--- START ---

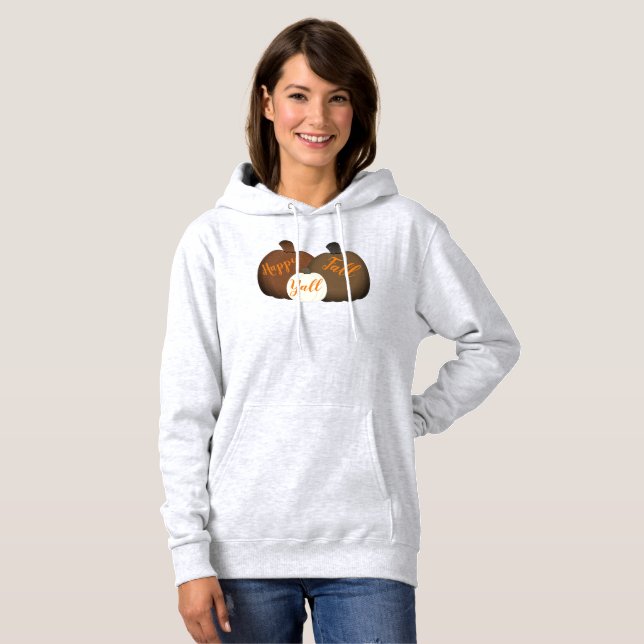 Pull À Capuche Sweatshirt automne/automne/Citrouille (Devant entier)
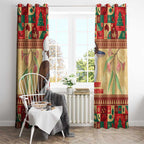 Australia Christmas Window Curtain Kookaburra Santa With Gumtree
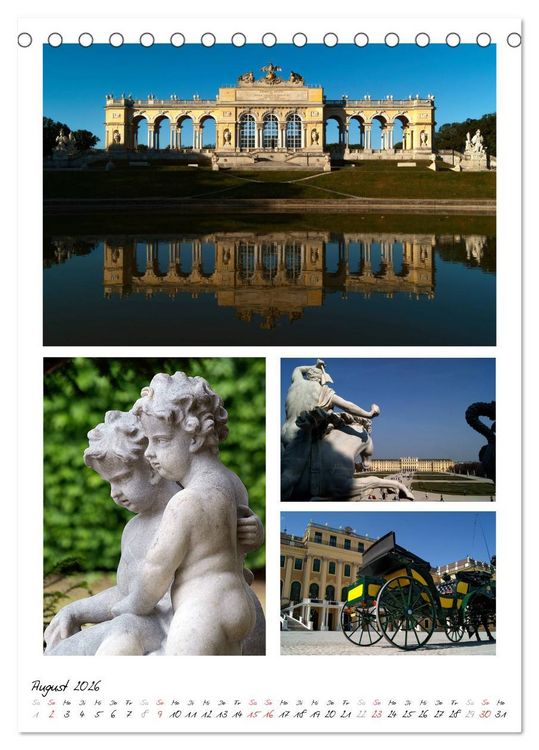 Produktbild: Schloss Sch&ouml;nbrunn im Wandel der Jahreszeiten (Tischkalender 2026 DIN A5 hoch), CALVENDO Monatskalender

--- END ---

• Action item
Set down each line of the material exactly and skip every image.

• Written response
 Pull À Capuche Sweatshirt automne/automne/Citrouille (Devant entier)
 Australia Christmas Window Curtain Kookaburra Santa With Gumtree
 Produktbild: Schloss Sch&ouml;nbrunn im Wandel der Jahreszeiten (Tischkalender 2026 DIN A5 hoch), CALVENDO Monatskalender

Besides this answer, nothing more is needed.